Guides - Hadoop docs for gridftp-hdfs


 

Install & configure the storage element:

Description Install BeStMan-Gateway to provide access to disk array via grid utilities.
Dependencies - OSG CE configured
- GUMS installed, configured, and running
- Disk array network mounted on all nodes
Notes These are only additional notes, follow the official OSG release docs, consulting our notes for details. We install the worker-node client, the CE, and SE all on the same node (the grid node) and the CE & SE in the same directory. We run BeStMan as user "best" instead of as "daemon" because we do not allow world-readable access to files on our SE. The daemon user is not in the "users" group, but the best user is.
Guides - OSG release docs for BeStMan-Gateway

Install the worker node client:

Description Install the worker node client to give worker nodes access to certificate information, system configuration, and software binaries.
Dependencies - OSG CE configured
Notes These are only additional notes, follow the official OSG release docs, consulting our notes for details. We install the worker-node client as root (su -) on the GN in a fresh shell in /sharesoft/osg/wnclient.
Guides - OSG release docs for worker node client

Start the CE & SE

Description Start the compute and service elements, check RSV tests and service logs, publish CMSSW software pins if applicable.
Dependencies - OSG CE configured
- OSG SE installed and configured
- OSG WN client installed
Notes
Guides - Globus 2.0 error codes (for debugging)

As root (su -) on the GN:

  1. Start the OSG CE & SE:
    cd /sharesoft/osg/ce
    . setup.sh
    vdt-control --on

    This starts all the services for both the CE & SE because we installed them in the same directory.
    • In the case of running gridftp-hdfs, make sure gsiftp is disabled
  2. You can perform a series of simple tests to see if your CE has basic functionality. Login to any user account and:
    source /sharesoft/osg/ce/setup.csh
    grid-proxy-init
    cd /sharesoft/osg/ce/verify
    ./site_verify.pl
  3. The CEmon log is kept at $VDT_LOCATION/glite/var/log/glite-ce-monitor.log.
  4. The GIP logs are kept at $VDT_LOCATION/gip/var/logs.
  5. globus & gridftp logs are kept in $GLOBUS_LOCATION/var and $GLOBUS_LOCATION/var/log.
  6. The BeStMan log is kept in $VDT_LOCATION/vdt-app-data/bestman/logs/event.srm.log.
  7. Results of the RSV probes will be visible at https://hepcms-0.umd.edu:7443/rsv in 15-30 mins. Further information can be found in the CE $VDT_LOCATION/osg-rsv/logs/probes.
  8. You can force RSV probes to run immediately (as rsvuser on GN) following these instructions: rsv-control --run --all-enabled.
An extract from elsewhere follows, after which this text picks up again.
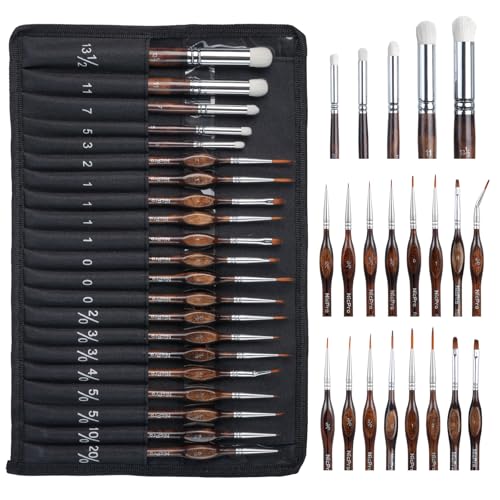 Nicpro Feine Pinsel mit Trockenpinsel – 21-teiliges Modellbau Pinselset mit Stoffrolle für Acryl, Aquarell, Dünne Pinsel und Trockenpinsel für 40k-Modellbau, Miniaturmalerei, Citadel von Nicpro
After starting the CE for the first time, the file /sharesoft/osg/app/etc/grid3-locations.txt is made. This file is used to publish VO software pins and should be edited every time a new VO software release is installed or removed. If CMSSW is installed (instructions below are repeated in the CMSSW installation):

  1. Add a link to the CMSSW installation in the osg-app directory:
    cd /sharesoft/osg/app
    mkdir cmssoft
    chmod 777 cmssoft
    chown cmssoft:users cmssoft
  2. Give cmssoft ownership of the release file:
    chown cmssoft:users /sharesoft/osg/app/etc/grid3-locations.txt
  3. As cmssoft (su - cmssoft), create the needed symlink in the OSG APP directory to CMSSW:
    cd /sharesoft/osg/app/cmssoft
    ln -s /sharesoft/cmssw cms
  4. As cmssoft (su - cmssoft), inform BDII which versions of CMSSW are installed and that we have the slc4_ia32_gcc345 environment. Edit /sharesoft/osg/apps/etc/grid3-locations.txt to include the lines:
    VO-cms-slc4_ia32_gcc345 slc4_ia32_gcc345 /sharesoft/cmssw
    VO-cms-CMSSW_X_Y_Z CMSSW_X_Y_Z /sharesoft/cmssw
    (modify X_Y_Z and add a new line for each release of CMSSW installed)

Register with the Grid Operations Center (GOC):

Description Register site with OSG.
Dependencies None
Notes We used a much older registration process, but provide the options we selected for reference. Follow the OIM registration instructions guide for details as the new registration page has changed substantially.
Guides - OIM web portal
- OIM registration instructions
- BDII information about your site, once registered